I am originally from Mangalore in South India. We ate fish coconut curries 6 days a week except Sunday (that was beef and pork day). I don't have time for the laborious process of grinding masalas for curries everyday, so I regularly fry/air fry catfish, Pompano or salmon using a marinade of red chili/cumin/turmeric/salt/ginger-garlic paste and salt+tamarind water. With yellow or red dal, Matta (red) rice, mango pickle and a heap of malabar spinach (sold as chang choy in Asian stores). I'm definitely giving the skillet method a try!
All of this!
Ooh - can't wait to try this new (to me) method for grouper!! We love grouper and enjoy it when going to FL, usually fried or blackened. My husband is from FL and I lived much of my life in NYC so we are true seafood snobs though will settle for the next best thing. Those markets you mentioned and Buford Hwy too, Harry's is no longer as ubiquitous as it once was, sadly! Being multi-national, I have grown up eating seafood a variety of ways, I love shrimp cooked the way they do at every Spanish beach, a la plancha but have not had this in years. A sort of griddle over an open flame and the shrimp they use tend to be large, what some might call prawns, or else in the clay pots with minced garlic and olive oil. I also had a strong influence from a loved one with NOLA Creole heritage and learned about baked catfish Creole, as a change of pace from my beloved fried catfish. It was many years ago and we only had it one time, but after moving away from NYC we visited Love's restaurant in Savannah and had some of the best ever blackened catfish, its memory still lingers because of how delicious it was. A return trip for more of that a few years later somehow was less enthralling, maybe a different cook or supplier for the fish? My mother always poached salmon, served with homemade mayo and I made salmon this way for many years until I discovered the ease of baking it in a 9x12 Pyrex pan, and lately better still on a large rimmed baking sheet with foil for easy cleanup since the skin would invariably leave a mess in the glass pan even with prior greasing. I have tried baking it with Soy Vey teriyaki sauce (a bit too sweet unless it is a light glaze), a bit of maple syrup and minced garlic and ginger, or just the minced ginger and thinly sliced lemon and onion on top drizzed with a bit of olive oil or a few crumbs of butter. I recently discovered a zester for very finely grated ginger, rather than me trying to chop through at times woody ginger and it has been a game changer!! Side note, I also recently learned that I might be able to grow my own ginger since some of it began to sprout and we stuck it in a pot. We shall see! I have a legendary black thumb. :-)

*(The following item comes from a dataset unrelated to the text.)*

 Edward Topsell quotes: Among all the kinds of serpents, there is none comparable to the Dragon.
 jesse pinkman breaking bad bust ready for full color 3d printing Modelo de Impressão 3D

This is how I cook fish as well and included a recipe for salmon in Home Cooking (the 2nd book I wrote). I basically sear both sides of the olive oil coated and seasoned piece of fish in a hot cast iron skillet which keeps the juices in, and then cook it low and slow in the oven while I finish making the rest of supper. Works every time!
You're speaking my language. Fish is my favorite protein, and I have a freezer full. By far the most delicious thick white fish I have ever tasted was King Mackerel, in Jacksonville, Florida during the annual competition. It's everywhere in restaurants at the time and it's amazing. Second best was any thick fish in Portland, Oregon. I was there for five days in another lifetime and had fish every day. Different fish and different restaurant each night. Salmon tastes so different fresh out of the water.
Although I don't enjoy fish with tomatoes because the combination tastes quite metallic and "fishy' to me, I will definitely try your daughter's method on a nice thick piece of white fish - with a different sauce. A topping that I use for salmon includes teriyaki, fresh ginger, wasabi and sesame oil, but I plan to switch to Gochujang next time. What a great idea.
Thanks for this helpful and enlightening post. Maybe salmon will finally be safe on my grill!